##### MATERIAL SHOWN #####
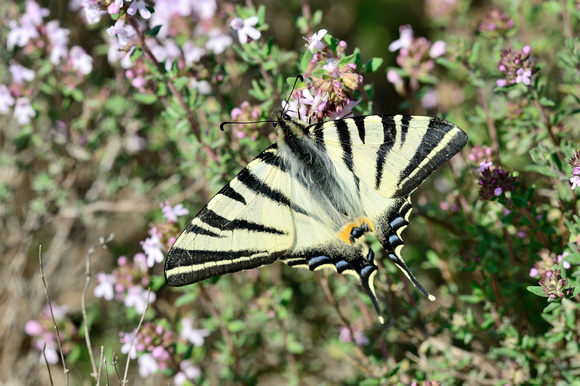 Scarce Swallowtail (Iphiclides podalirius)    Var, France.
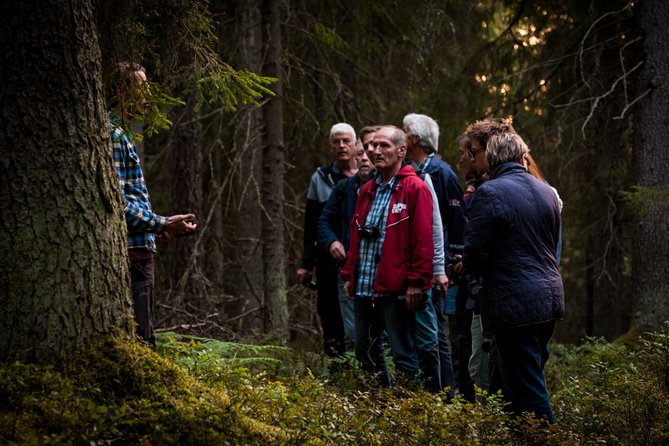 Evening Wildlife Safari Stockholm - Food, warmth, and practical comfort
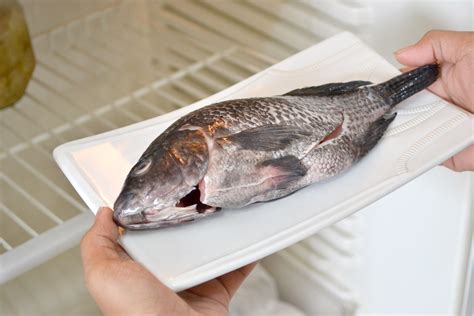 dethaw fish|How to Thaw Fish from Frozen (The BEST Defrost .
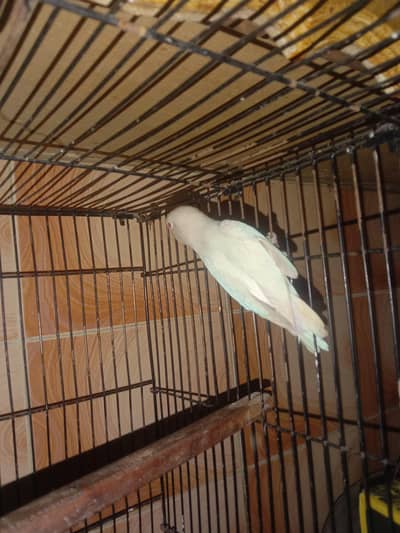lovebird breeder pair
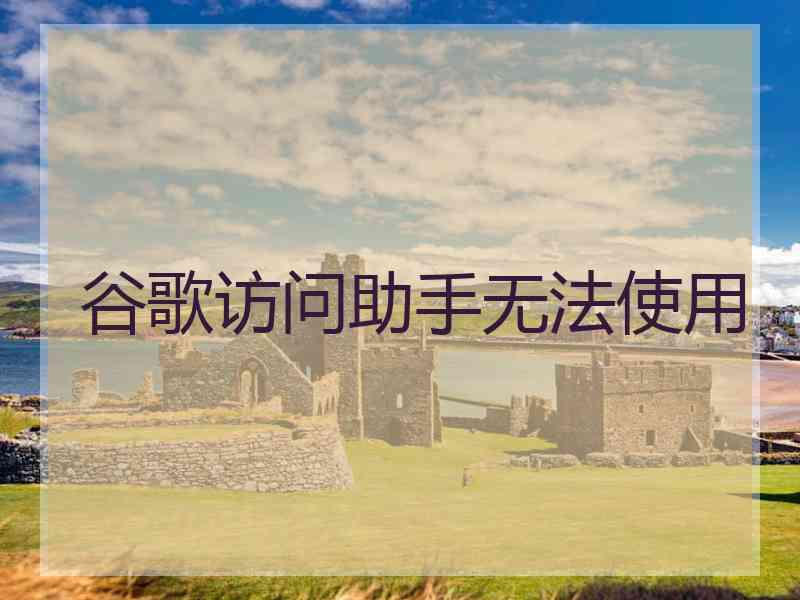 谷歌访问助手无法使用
#####
**PROBLEM DESCRIPTION**: What the answer needs is every line from the one containing "Evening Wildlife Safari" through the final line of the data above, copied exactly, without pictures.

**RESPONSE**:
 Evening Wildlife Safari Stockholm - Food, warmth, and practical comfort
 dethaw fish|How to Thaw Fish from Frozen (The BEST Defrost .
lovebird breeder pair
 谷歌访问助手无法使用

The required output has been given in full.